ここは夏にも一度来たことがあり、景色のよさと水のキレイさ、昭和感ただよう小さな村の雰囲気とほっこりする人の優しさに、すっかり魅了されていたのだ。
そして僕ぼっくりの営むうどん屋が5周年をむかえ、店休日だけど営業するつもりにしてたところ、テナントビルの電気工事日に当たってしまって全館停電するとのことで、それなら仕方ないと一泊旅行に出たのだった。
暴風ふきあれる初日。
はるかとおい太平洋側を通過した台風のあおりを受け、ずいぶん離れたここ日本海も大荒れで。
堤防では、さすがに暴風で困ったようすの釣り人がちらほら見られ、我が家も持ってきた釣り道具は今日はおあずけだねーという話しをする。

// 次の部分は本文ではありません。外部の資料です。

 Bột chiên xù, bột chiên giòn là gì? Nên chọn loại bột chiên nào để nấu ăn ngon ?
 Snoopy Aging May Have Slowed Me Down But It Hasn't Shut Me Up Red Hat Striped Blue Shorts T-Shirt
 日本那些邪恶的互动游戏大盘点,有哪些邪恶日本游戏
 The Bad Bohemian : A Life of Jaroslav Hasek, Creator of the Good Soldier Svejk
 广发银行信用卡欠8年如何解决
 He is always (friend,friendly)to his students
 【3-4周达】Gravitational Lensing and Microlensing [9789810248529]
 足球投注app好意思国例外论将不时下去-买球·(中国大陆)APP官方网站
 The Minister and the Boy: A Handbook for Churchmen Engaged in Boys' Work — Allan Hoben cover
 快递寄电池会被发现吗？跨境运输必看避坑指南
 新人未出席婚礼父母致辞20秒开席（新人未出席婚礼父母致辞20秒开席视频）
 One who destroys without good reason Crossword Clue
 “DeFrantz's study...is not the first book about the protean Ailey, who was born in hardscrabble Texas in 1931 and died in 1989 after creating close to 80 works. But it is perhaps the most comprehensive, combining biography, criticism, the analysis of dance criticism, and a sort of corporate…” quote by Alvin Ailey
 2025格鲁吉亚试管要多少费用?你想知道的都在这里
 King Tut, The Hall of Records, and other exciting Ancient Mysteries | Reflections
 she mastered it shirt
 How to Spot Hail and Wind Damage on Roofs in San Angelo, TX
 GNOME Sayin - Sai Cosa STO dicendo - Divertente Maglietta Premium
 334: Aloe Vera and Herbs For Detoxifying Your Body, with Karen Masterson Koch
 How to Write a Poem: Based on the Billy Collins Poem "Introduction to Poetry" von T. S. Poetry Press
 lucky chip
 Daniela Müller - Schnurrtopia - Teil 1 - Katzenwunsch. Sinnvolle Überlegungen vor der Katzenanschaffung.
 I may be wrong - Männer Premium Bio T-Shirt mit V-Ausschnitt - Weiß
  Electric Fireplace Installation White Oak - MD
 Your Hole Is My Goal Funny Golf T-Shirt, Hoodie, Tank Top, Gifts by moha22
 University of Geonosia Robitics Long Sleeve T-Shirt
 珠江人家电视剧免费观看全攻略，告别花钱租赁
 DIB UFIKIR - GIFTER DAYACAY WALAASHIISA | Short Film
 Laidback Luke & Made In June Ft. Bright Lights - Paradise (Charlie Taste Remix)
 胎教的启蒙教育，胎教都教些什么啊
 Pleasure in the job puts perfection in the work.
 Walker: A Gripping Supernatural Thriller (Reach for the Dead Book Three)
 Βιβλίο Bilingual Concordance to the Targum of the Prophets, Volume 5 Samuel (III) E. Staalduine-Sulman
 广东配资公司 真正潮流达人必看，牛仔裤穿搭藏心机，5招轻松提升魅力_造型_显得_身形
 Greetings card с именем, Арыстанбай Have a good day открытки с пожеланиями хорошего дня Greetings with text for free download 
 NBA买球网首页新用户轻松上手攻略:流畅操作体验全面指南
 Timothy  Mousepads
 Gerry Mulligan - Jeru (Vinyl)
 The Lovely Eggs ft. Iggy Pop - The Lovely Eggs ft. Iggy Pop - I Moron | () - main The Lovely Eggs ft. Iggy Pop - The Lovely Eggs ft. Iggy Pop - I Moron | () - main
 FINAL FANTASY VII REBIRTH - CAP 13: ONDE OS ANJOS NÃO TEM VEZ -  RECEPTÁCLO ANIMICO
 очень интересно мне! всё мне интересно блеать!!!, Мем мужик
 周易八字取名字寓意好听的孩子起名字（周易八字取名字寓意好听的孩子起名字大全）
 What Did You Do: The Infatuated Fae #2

そんな白波立つ海岸にはあまり近寄れなかったので、ノスタルジーあふれる村内を散策したり、周辺をドライブしたり。
夏に来たときは、この村で企画されていたウォークラリーでもらったザラ半紙の地図を片手に、
「あっ!鯉のいる水瓶あった!」「昔の漁師さんの気圧計あった!」と
書かれたチェックポイントをさがして、この小さな村の雰囲気を存分にたのしませてもらったのだ。
いい企画だったなぁ。
そんな村にまた訪れることができ、懐かしさも感じながらまた村内を歩く。
子供たちはチェックポイントを思い出しながら、二度目のウォークラリーを楽しんでいるように見えた。
ポイントのほとんどを覚えていられるくらいのこの小さな村は、人口にしておよそ100人もいないだろうか。
ひっそりとした漁村だが、夏は海水浴のために数組の家族が旅行にきているのが見られ、また冬はカニ料理を食べに旅行客がくるのだという。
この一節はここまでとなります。